I capricci della storia e il mondo sottosopra

Nel caso specifico, dopo essere diventata, sotto la spinta di Biden, «l’avversario strategico» dell’Europa, la Cina oggi ne potrebbe diventare l’occasionale alleato, per arginare i furori protezionistici di Donald Trump. In quello che fa il Presidente americano, non c’è niente di ideologico, ma è tutto basato sul più puro tornaconto. O «realpolitik, se vogliamo darle una mano di vernice. Con queste premesse, la collaborazione tra Pechino e Bruxelles non è solo possibile, ma è anche auspicabile.
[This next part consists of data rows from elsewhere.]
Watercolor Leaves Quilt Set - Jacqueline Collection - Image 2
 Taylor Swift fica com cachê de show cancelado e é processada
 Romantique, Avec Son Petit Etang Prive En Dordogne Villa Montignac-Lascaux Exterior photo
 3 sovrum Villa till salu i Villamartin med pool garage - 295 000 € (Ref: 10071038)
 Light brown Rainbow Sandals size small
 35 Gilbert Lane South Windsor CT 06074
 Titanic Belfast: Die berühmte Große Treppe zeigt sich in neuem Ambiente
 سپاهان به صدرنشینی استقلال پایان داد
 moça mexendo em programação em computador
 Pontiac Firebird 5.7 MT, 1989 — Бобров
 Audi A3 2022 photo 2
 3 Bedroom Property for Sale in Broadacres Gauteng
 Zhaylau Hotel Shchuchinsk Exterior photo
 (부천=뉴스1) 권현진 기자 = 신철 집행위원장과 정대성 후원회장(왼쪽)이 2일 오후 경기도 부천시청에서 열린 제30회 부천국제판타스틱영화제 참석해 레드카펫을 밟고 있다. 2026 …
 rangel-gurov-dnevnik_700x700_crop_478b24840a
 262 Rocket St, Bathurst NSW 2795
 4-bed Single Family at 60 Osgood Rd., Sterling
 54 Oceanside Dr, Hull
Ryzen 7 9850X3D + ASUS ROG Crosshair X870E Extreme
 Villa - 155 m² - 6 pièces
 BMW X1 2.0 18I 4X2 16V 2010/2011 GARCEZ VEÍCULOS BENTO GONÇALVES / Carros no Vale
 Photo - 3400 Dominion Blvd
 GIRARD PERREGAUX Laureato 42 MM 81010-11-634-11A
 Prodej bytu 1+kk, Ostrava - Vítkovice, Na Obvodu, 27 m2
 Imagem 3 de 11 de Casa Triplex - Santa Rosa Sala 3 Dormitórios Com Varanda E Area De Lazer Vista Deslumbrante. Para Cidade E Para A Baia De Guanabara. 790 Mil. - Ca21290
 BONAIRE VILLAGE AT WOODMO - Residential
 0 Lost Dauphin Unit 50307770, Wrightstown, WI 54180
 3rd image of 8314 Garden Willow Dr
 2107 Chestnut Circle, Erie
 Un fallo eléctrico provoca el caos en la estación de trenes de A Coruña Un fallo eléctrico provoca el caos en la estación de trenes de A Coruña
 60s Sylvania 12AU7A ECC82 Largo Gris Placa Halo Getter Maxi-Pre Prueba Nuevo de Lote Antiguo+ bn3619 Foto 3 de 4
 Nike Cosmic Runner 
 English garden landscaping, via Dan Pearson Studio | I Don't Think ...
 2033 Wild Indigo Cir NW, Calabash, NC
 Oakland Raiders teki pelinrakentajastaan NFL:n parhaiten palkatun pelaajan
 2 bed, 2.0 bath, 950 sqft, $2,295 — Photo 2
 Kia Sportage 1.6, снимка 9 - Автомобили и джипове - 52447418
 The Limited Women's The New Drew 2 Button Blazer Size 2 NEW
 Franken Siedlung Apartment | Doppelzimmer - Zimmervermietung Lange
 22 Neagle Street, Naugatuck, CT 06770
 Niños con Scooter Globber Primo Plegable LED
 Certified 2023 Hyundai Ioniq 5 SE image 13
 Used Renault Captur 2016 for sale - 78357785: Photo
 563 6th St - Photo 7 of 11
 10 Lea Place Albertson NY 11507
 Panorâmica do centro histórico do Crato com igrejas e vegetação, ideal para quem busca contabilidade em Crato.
In fondo, la globalizzazione e il libero commercio non sono opzioni, ma strade obbligate in un pianeta che abbia voglia di crescere rispettando equilibri e diversità. Certo, lascia perplessi l’incapacità degli europei di pensare con la loro testa, quando si tratta di imbastire relazioni internazionali di lungo periodo.

Europa di tanti e piccoli frammenti

A guardare indietro, tutta la recente storia dei rapporti commerciali con la Cina è stata condizionata da un approccio individuale, non di ‘blocco’. Dove il singolo Stato (a cominciare per esempio dalla Germania), si è preoccupato innanzitutto di curare i suoi interessi, intavolando trattative bilaterali. L’Amministrazione Biden ha fatto il resto, dando un giro di vite a molti scambi, ossessionata com’era dal timore che gli Stati Uniti potessero essere scavalcati da Pechino nel delicato settore delle tecnologie più sofisticate. E oggi la storia si ripete, se è vero che Trump ha allo studio ulteriori restrizioni alle esportazioni dei supermicrochip di ‘Nvidia’, destinati all’«industria 4.0 cinese». Non solo, ma ciò che colpisce particolarmente è la tempistica, che caratterizza l’accanimento della Casa Bianca contro il colosso asiatico. Si svolgono, infatti, in questi giorni, le cosiddette “due sessioni” (parlamentari): quella della Conferenza consultiva politica del popolo cinese, e l’altra, che rappresenta l’Assemblea legislativa del Paese. Dovranno discutere sui risultati del 14º piano quinquennale e valutare il successo del progetto «Made in China 2025».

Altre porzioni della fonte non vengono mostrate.